{{LA ROCHELLE. Spécialiste des sectes, Daniel Groscolas a témoigné au sein d’une commission parlementaire en 2006}}

Une seule phrase, consignée à la page 64 d’un volumineux rapport parlementaire intitulé « L’Enfance volée, les mineurs victimes de secte », vaut à Daniel Groscolas d’être renvoyé devant le tribunal correctionnel le 9 décembre prochain, pour diffamation publique envers un particulier. Si elle n’est effectivement pas anodine, cette phrase – « Les Témoins de Jéhovah, par exemple, donnent pour directive aux enfants de fréquenter les écoles pour y faire du prosélytisme » – a été prononcée en 2006 dans le cadre d’une commission parlementaire, où Daniel Groscolas avait été appelé à témoigner en tant qu’expert de la question des sectes.
« Paradoxe républicain ».

Actuel maire (PS) de L’Houmeau, dans l’agglomération rochelaise, cet ancien inspecteur général de l’Éducation nationale (1) est en effet un spécialiste. En 1995, il est missionné par le ministre de l’époque, François Bayrou, pour enquêter sur l’influence des sectes au sein de l’école. S’il recense alors une soixantaine de structures très douteuses, il pointe surtout une faille législative : en dehors d’un contexte public ou privé sous contrat, l’Éducation nationale n’a aucun moyen de contrôler les contenus de l’instruction proposée par les écoles hors contrat.

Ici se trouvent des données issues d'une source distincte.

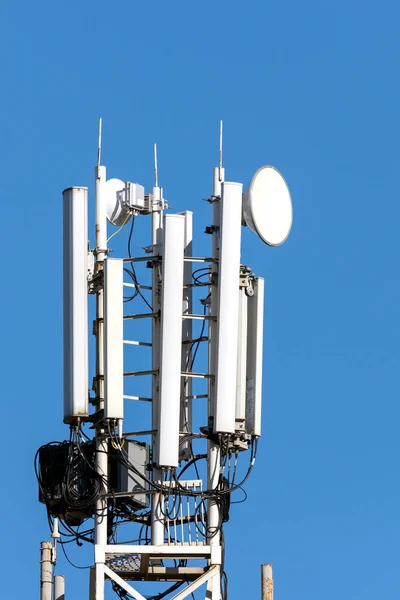 Comunicación Torre del teléfono celular sobre fondo azul del cielo . — Foto de Stock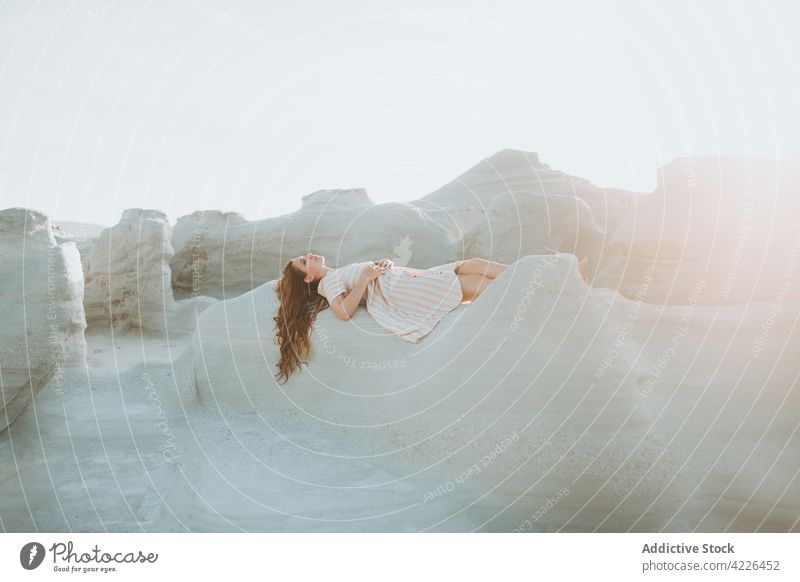 Serene woman lying on rocky stony formation in sunlight rough stone serene relax nature peaceful tender harmony geology young sundress sarakiniko milos greece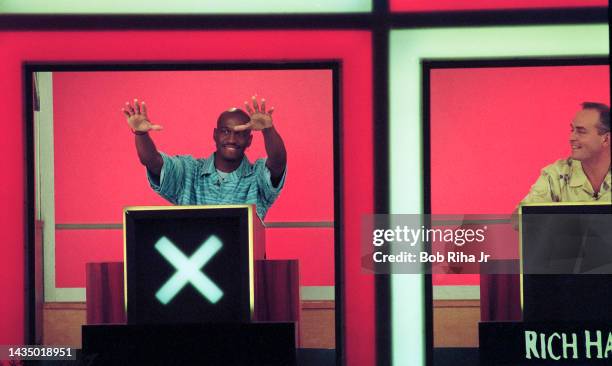 Richard Hatch and Gervase Peterson from tv show 'Survivors' during taping of 'Hollywood Squares' TV show, August 26, 2000 in Los Angeles, California.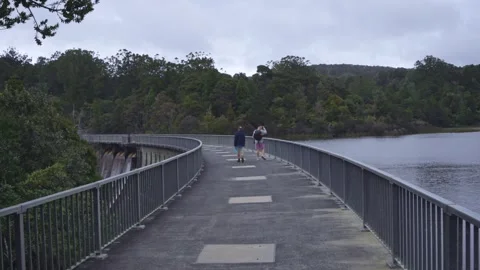 Walking along Waitakere Dam in the Waitakere ranges, Auckland, New Zealand Stock-Footage 287196853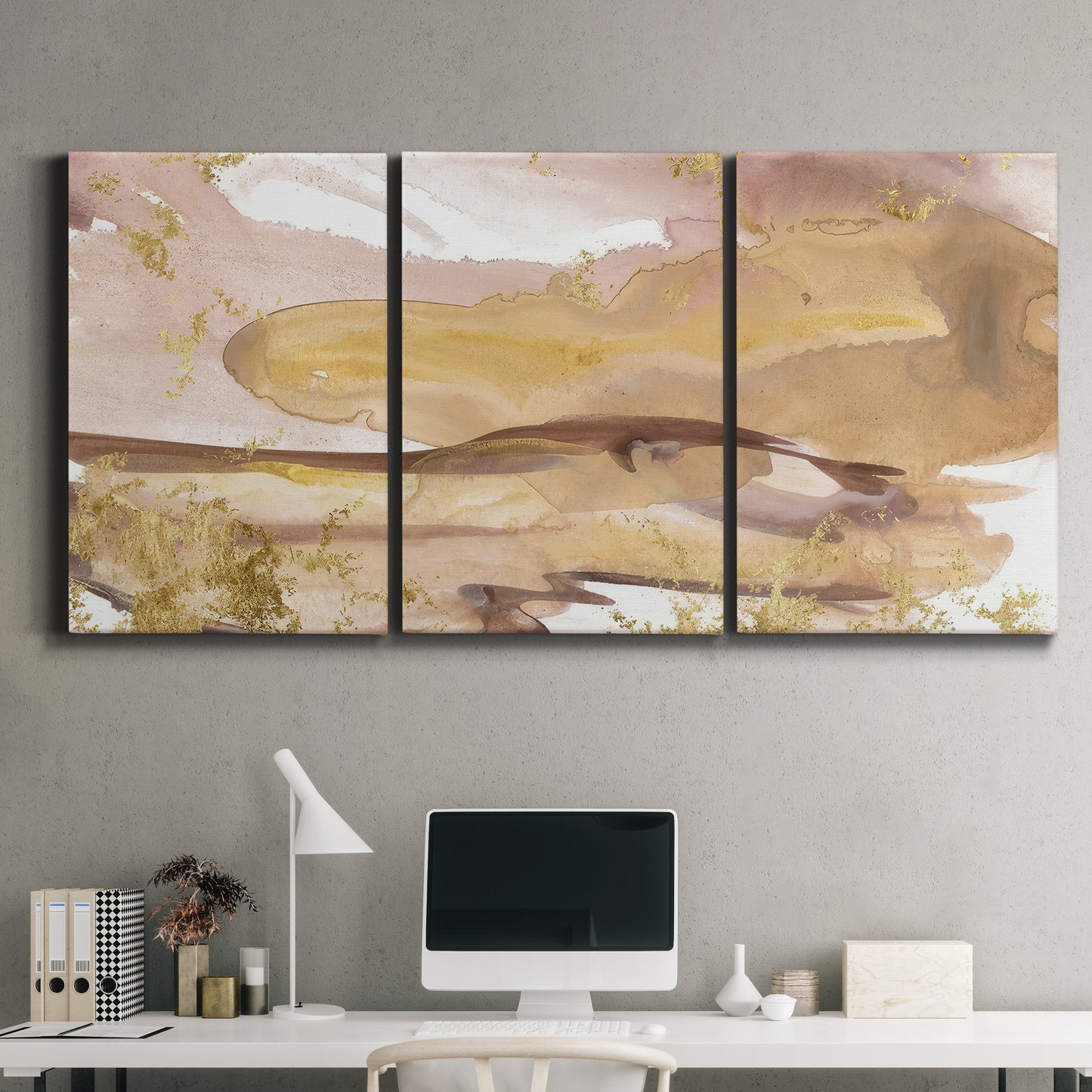 Three-panel canvas wall art featuring layered abstract dawn tones, displayed above a desk in a home office.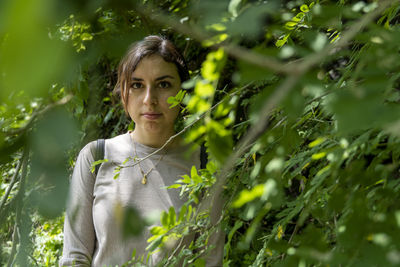 Young woman descending in the ravine, vegetation and trees, huentitan ravine guadalajara, mexico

Son travail de conviction finit par payer : le 18 décembre 1998, l’Assemblée nationale vote dans une belle unanimité la loi sur le renforcement de l’obligation scolaire, dont il rédige le décret d’application. Jeune retraité en 2001, il prolonge son investissement en présidant le Centre contre les manipulations mentales. C’est à ce titre qu’il est appelé à donner son éclairage aux parlementaires en 2006. Comme lui, trois autres témoins, dont un ancien préfet et un représentant du ministère du Travail, ont fait l’objet d’une plainte pour diffamation déposée par la Fédération chrétienne des Témoins de Jéhovah, avec constitution de partie civile. À l’issue d’une information judiciaire, les quatre personnalités ont donc été renvoyées devant le tribunal correctionnel : votée en avril dernier en réponse directe à cette plainte, la loi relative au statut des témoins devant les commissions d’enquête n’est pas rétroactive, et ne s’applique donc pas. Daniel Groscolas ne crie pas au scandale. Cette perspective ne l’effraie pas. Tout au plus s’interroge-t-il, un brin narquois, sur une République qui l’élève au rang de commandeur de l’ordre du Mérite pour des travaux qui, dans le même temps, le conduisent au tribunal (2)…

(1) Daniel Groscolas est également depuis dix-huit ans président de la Fédération des jumelages franco-allemands, qui réunit 3 000 communes françaises. Il abandonne cette présidence aujourd’hui même, pour redevenir simple membre. (2) Nous n’avons pu joindre, hier, le représentant des Témoins de Jéhovah.